Int. J. Mol. Sci. 2022, 23(9), 4973; https://doi.org/10.3390/ijms23094973

by Rebecca C. Sagar^*

, Ramzi A. Ajjan and Khalid M. Naseem

Reviewer 1: Anonymous

Reviewer 2: Anonymous

Reviewer 3: Anonymous

Int. J. Mol. Sci. 2022, 23(9), 4973; https://doi.org/10.3390/ijms23094973

Submission received: 7 April 2022 / Revised: 26 April 2022 / Accepted: 27 April 2022 / Published: 29 April 2022

(This article belongs to the Special Issue Frontiers in Thrombosis)

Round 1

Reviewer 1 Report

This review is timely in the light of increasing evidence for platelet role in thrombo-inflammatory states. The authors have done well to put this work together. I have some recommendations to further improve the article.

Major comment

The article mentions severally the mechanistic significance of reduced nitric oxide (NO) bioavailability. They also highlighted the overproduction of superoxide in a disease marked by oxidative stress. While the authors rightly mentioned that NO, in the presence of superoxide will lead to peroxynitrite (ONOO-) formation, there is no mention of the cellular actions of peroxynitrite in the review.

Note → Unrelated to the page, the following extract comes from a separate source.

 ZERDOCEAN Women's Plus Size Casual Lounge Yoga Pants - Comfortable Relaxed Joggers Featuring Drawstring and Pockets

The formation of ONOO- from NO and superoxide is perhaps the fastest reaction known in biology and the formed ONOO- is both a potent oxidising and nitrating agent, with potent cellular actions^1-3. Clearly, peroxynitrite is likely involved in the pathophysiology of diabetes. Can the authors briefly summarise what is known, and how the cellular actions of ONOO- relate to their proposed model of thrombo-inflammation in diabetes? This will fit well with section 3.2 or perhaps as a separate section 3.3.

Minor comment

At some point, maybe in the Conclusion section, the authors should make clear their position on what is driving what? Is the disease or inflammation driving platelet function or vice versa, or something else? the authors have already provided the evidence.
At lines 53-57, are the authors referring to normal haemostasis? Which is a normal /physiological response involved in complication-free healing.
Several sentences are hard to follow, please check and read through manuscript and simplify to allow for easy reading.
Check that all is ok with lines 59-60, 81, 173, 311
Is the word ‘both’ redundant in line 73?
Line 103.. did the authors mean thrombosis instead of haemostatic plug? Haemostatic plugs are formed mainly in the extravascular space while thrombosis is predominantly intravascular.
Lines 195-197; authors should explain in one or 2 lines how adhesion contributes to prothrombotic environment.
In concluding the review, what platelet mediators will the authors suggest targeting to control platelets’ contribution to thrombo-inflammation in DM

References

Agbani EO, Coats P, Mills A, Wadsworth RM. Peroxynitrite stimulates pulmonary artery endothelial and smooth muscle cell proliferation: Involvement of ERK and PKC. Pulmonary Pharmacology & Therapeutics. 2011;24(1):100-109.
Agbani EO, Coats P, Wadsworth RM. Acute Hypoxia Stimulates Intracellular Peroxynitrite Formation Associated With Pulmonary Artery Smooth Muscle Cell Proliferation. Journal of Cardiovascular Pharmacology. 2011;57(5):584-588 510.1097/FJC.1090b1013e3182135e3182131b.
Agbani E, Coats P, Wadsworth RM. Threshold of peroxynitrite cytotoxicity in bovine pulmonary artery endothelial and smooth muscle cells. Toxicology in Vitro. 2011;25(8):1680-1686.

Author Response

The authors would like to thank reviewer 1 for their positive reception of our review and their helpful comments which have been addressed as follows:

The article mentions severally the mechanistic significance of reduced nitric oxide (NO) bioavailability. They also highlighted the overproduction of superoxide in a disease marked by oxidative stress. While the authors rightly mentioned that NO, in the presence of superoxide will lead to peroxynitrite (ONOO-) formation, there is no mention of the cellular actions of peroxynitrite in the review. The formation of ONOO- from NO and superoxide is perhaps the fastest reaction known in biology and the formed ONOO- is both a potent oxidising and nitrating agent, with potent cellular actions^1-3. Clearly, peroxynitrite is likely involved in the pathophysiology of diabetes. Can the authors briefly summarise what is known, and how the cellular actions of ONOO- relate to their proposed model of thrombo-inflammation in diabetes? This will fit well with section 2or perhaps as a separate section 3.3.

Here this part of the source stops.